As I mentioned in the source code the readXPath method at the tail is not really a part of this class and is provided for illustrative purposes and will allow us to quickly begin to get under the bonnet.

Let’s set up a piece of trivial xml for examination

<?xml version="1.0" encoding="UTF-8"?>

<root>
<people>
<person ptype = "author" century = "16th">William Shakespeare</person>
<person>Bill Smith</person>
<person ptype = "jockey">A P McCoy</person>
</people>
</root>

Assuming you had a file called test.xml in a resources folder you would action this as follows:


XPathBase xpb = new XPathBase("test.xml","resources/");
xpb.readXPath("//people/person/*/text()");

The readXPath method really belongs in another class which is more concerned with the handling of XPath expressions and manipulation than the nuts and bolts of xml document setup and preparation. The following code is an example of how this might begin to look (it won’t look anything like this in the long run, but it will give you an idea of how refactoring and reshaping a class can pay big dividends).

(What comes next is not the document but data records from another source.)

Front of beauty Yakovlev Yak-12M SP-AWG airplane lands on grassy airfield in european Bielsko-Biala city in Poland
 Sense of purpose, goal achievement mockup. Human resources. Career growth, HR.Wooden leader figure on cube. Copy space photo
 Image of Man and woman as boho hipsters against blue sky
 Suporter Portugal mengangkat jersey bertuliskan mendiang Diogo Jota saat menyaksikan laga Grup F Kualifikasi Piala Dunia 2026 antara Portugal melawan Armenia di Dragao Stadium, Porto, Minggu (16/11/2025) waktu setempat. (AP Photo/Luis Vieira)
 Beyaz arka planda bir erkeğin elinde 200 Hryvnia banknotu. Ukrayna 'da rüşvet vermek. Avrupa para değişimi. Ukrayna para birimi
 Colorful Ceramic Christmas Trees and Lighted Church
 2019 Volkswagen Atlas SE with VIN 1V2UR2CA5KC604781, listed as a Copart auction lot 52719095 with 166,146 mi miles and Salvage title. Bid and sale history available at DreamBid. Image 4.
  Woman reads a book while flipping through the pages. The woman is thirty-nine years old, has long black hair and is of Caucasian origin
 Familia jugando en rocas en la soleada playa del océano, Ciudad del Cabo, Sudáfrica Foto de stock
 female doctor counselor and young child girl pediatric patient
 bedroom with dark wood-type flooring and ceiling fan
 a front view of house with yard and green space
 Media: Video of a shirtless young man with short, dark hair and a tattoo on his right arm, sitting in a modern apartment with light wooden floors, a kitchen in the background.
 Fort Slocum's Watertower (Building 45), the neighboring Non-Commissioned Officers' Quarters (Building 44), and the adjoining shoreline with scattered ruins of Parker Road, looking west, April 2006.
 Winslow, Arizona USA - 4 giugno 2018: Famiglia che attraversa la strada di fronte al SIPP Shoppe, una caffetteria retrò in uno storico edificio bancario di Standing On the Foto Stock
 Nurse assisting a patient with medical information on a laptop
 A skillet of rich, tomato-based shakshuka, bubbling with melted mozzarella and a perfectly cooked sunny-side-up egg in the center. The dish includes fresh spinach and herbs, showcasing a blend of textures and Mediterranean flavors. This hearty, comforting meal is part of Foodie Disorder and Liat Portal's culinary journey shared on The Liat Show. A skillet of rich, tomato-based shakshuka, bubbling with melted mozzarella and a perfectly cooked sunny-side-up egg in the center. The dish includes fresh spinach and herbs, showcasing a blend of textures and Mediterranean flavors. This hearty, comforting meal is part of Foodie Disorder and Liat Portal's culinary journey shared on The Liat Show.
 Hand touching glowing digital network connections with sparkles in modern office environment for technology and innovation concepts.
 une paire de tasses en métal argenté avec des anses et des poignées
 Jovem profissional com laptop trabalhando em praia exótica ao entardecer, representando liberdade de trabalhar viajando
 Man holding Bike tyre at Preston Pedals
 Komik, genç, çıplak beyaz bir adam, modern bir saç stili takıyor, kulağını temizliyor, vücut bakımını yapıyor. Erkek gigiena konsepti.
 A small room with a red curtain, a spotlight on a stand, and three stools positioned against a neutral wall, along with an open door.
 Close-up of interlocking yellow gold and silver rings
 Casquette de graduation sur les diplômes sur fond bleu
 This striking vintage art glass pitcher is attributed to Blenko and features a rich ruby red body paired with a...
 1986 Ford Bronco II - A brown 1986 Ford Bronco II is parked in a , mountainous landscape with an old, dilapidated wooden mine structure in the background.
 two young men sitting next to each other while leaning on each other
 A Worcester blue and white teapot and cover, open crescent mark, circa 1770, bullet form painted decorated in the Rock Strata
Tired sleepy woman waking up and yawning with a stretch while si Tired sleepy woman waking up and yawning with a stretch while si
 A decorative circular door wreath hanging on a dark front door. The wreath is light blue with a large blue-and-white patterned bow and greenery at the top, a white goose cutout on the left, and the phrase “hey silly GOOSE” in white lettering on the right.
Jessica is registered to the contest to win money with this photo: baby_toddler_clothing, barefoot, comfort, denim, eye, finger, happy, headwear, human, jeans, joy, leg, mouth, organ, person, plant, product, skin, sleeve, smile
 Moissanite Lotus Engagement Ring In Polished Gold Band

import java.util.logging.Level;
import java.util.logging.Logger;
import javax.xml.xpath.XPathConstants;
import javax.xml.xpath.XPathExpression;
import javax.xml.xpath.XPathExpressionException;
import org.w3c.dom.NodeList;

public class XPathAnalyser {
    private String expression = "";
    private String file = "test.xml";
    private String resourceRoot = "resources/";
    private XPathBase xpb;
    private XPathExpression expr;

    public XPathAnalyser(String expr) {
        expression = expr;
        xpb = new XPathBase(file,resourceRoot);
    }
    public XPathAnalyser(String expr, String xFile, String resRoot) {
        expression = expr;
        file = xFile;
        resourceRoot = resRoot;
        xpb = new XPathBase(file,resourceRoot);
    }

public void readXPath(String evalStr)
    {
        try {
            XPathExpression expr = xpb.getxPath().compile(evalStr);
            Object result = expr.evaluate(xpb.getDoc(), XPathConstants.NODESET);
            NodeList nodes = (NodeList) result;

            for (int i = 0; i < nodes.getLength(); i++) {
                if(nodes.item(i).getNodeValue() != null)
                {
                         System.out.println(nodes.item(i).getNodeValue());
                }
            }

        } catch (XPathExpressionException ex) {
            Logger.getLogger(XPathBase.class.getName()).log(Level.SEVERE, null, ex);
        }

	}

}

This will work but it has a few drawbacks, notably that the class is dependant on the previous implementation of XPathBase, and strong dependencies are a bad thing. A better implementation would take the XPath setup class in as a class object in its own right and introspect accordingly. This would allow fully separation of context from implementation, use different document models, etc. We’ll live with this limitation for the moment while we begin to construct the XPathAnalyser in a more decomposed and useful shape. Most of the refactoring is about moving to a more rigorous setter/getter paradigm.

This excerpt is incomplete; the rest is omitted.